Если в 20-х годах рабфаковцев обучали еще остатки «буржуазных ученых», то уже в конце 40-х годов все командные посты в науке заняли эти бывшие рабфаковцы, а в 50 – 60-х годах – их ученики. Готовить же они могли только себе подобных. Так что с наступлением хрущевской «оттепели» откровенный маразм периода взбесившегося ленинизма лишь сменился не менее откровенным цинизмом, который впоследствии только окреп.
Итак, отсечение мысли привело к тому, что советская на-ука на долгие десятилетия стала обезмысленной. Это не означает, что в те годы не было крупных научных достижений. Они были, разумеется. Но, во-первых, КПД научного поиска стал чрезвычайно низким; во-вторых, научными открытиями могли похвастаться лишь те ученые, чья вотчина была практически недосягаемой для большевистской идеологии и более того, в их науке власти даже нуждались; наконец, в-третьих, любой властный гнет не в состоянии истребить тягу человека к неизведанному и как бы не тщились власти подчинить себе свободную научную мысль, до конца им это сделать не удалось.

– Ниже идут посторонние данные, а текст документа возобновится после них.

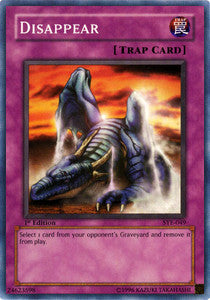 Sparizione - Starter Deck: Yugi Evolution (Common) [SYE-049]
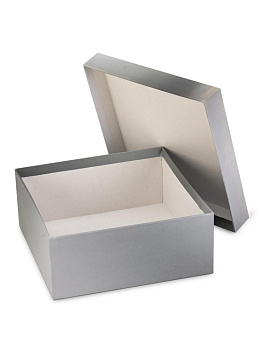 Коробка подарочная 17х17х7см РУТАУПАК НОВОГОДНИЙ МИКС прямоугольник 000000000001228410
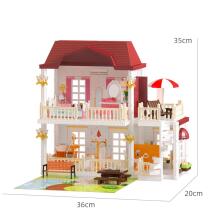 WOOPIE 50254 Большой кукольный домик KOALA 183 детали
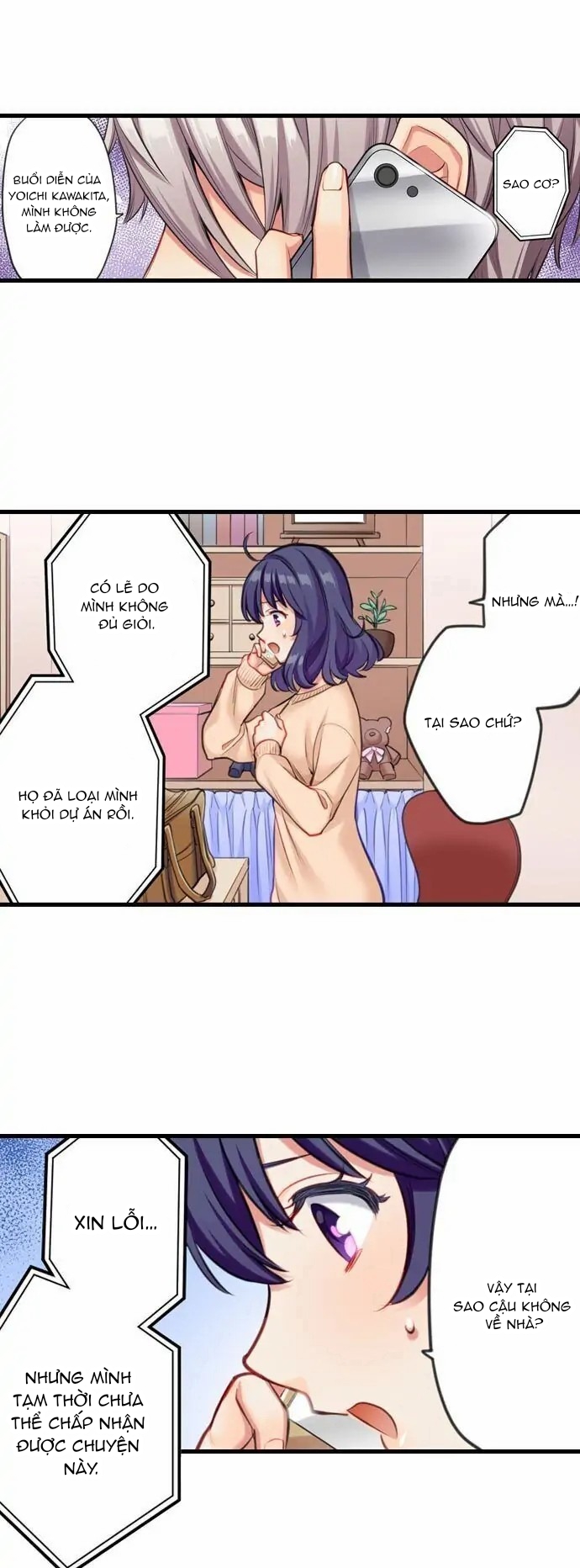 mệnh lệnh của subaru-kun là tuyệt đối (phần 2) chapter 24.2 6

Мера обезмысливания науки менялась в широком диапазоне: от полной ее стерилизации, что случилось с философией, до сохранения в неприкосновенности почти всего перечня научных направлений (математика). Кувалда, с помощью которой выбивалась мысль из науки, – марксистско – ленинская философия. Она легко разбивала науки гуманитарные, ибо они не имели жесткого (независимого от идеологии) теоретического каркаса, и отскакивала от теоретически развитых естественнонаучных дисциплин, истины которых были много прочнее идеологической фразеологии.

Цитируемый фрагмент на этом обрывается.